Morale of this story: if you haven't opened this one yet, give it longer.
I have a feeling that the dark fruits and Christmas pud will really come out to play in time.


----------



## welly2 (2/10/16)

n87 said:


> maybe strain the beer prior to bottling, I got a hair


Was it short and curly?


----------



## n87 (2/10/16)

welly2 said:


> Was it short and curly?


Short, curly, gray with a split end


----------



## barls (2/10/16)

n87 said:


> Short, curly, gray with a split end


lucky you


----------



## waggastew (2/10/16)

#13 Cortez Oaked Strong Ale

Opened this wearing a welding mask after the previous comments re being over carbed. Has been in the fridge a while though.

Pours with a big loose head. Aroma starts oaky vanilla sweet but starts to get phenolic as it warms. Rich mouthfeel, luscious sweetness with a drying mouthfeel. Phenolic note creeps in again and contributes to an astringency.

Pity the bugs got in there because this would have been a lovely beer

View attachment 91832


----------



## barls (2/10/16)

just found
11 marksy - India Pale Lager
bloody nice, i can see it would of been better if i had of drunk it fresher but nice hop note and body.
well done.


----------



## Reman (7/10/16)

#13 Oaked Strong Ale

Appearance - clear, lovely caramel colour with an very large and foamy off white head that lasts once it dissipates.

Aroma - malty with a touch of sharpness. Little bit of sweetness comes through on the nose.

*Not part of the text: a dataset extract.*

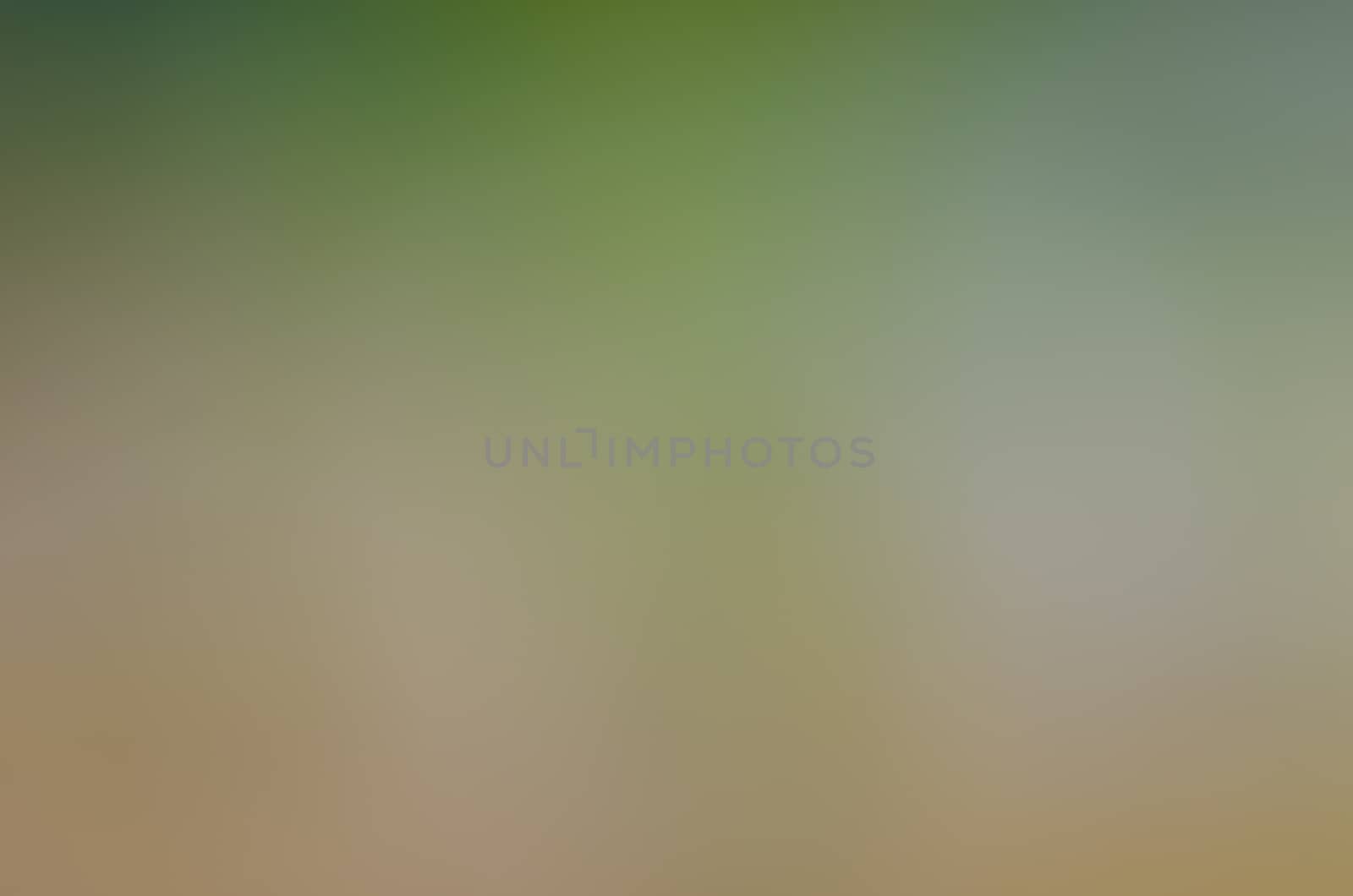 Defocused abstract texture background for your design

Flavour - rich maltiness, can taste a smooth alcohol. Firm bitterness with no hop flavour. Very subtle oak flavour. No off flavours I could detect. Warms to show some marmalade.

Mouthfeel - medium body with high carbonation.

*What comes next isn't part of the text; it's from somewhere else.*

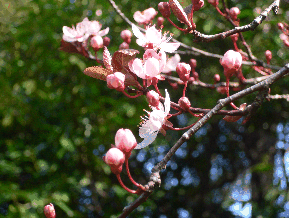 prunus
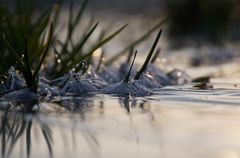 Frühling tut sich schwer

Overall - over carbonated a touch but a really good beer. Could do with a little more oak and it would be spot on. Cheers!


----------



## Reman (8/10/16)

#8 Kölsch



Appearance - Brilliantly clear, with a loose white head. Plenty of bubbles. Pale straw colour.

Aroma - malty with a spicy hop aroma, smells a little piney with a hint of clove.

Flavour - lovely herbal and light malt flavour. Good sweetness from the malt, honey like flavours. Bitterness balances well.

Mouthfeel - medium/full bodied, lightened by a very spritzy carbonation. Slick on the tongue but gets cleared away and finishes pretty dry.

Overall - fantastic Kolsch! I don't like a lot of Kolsches but this is awesome!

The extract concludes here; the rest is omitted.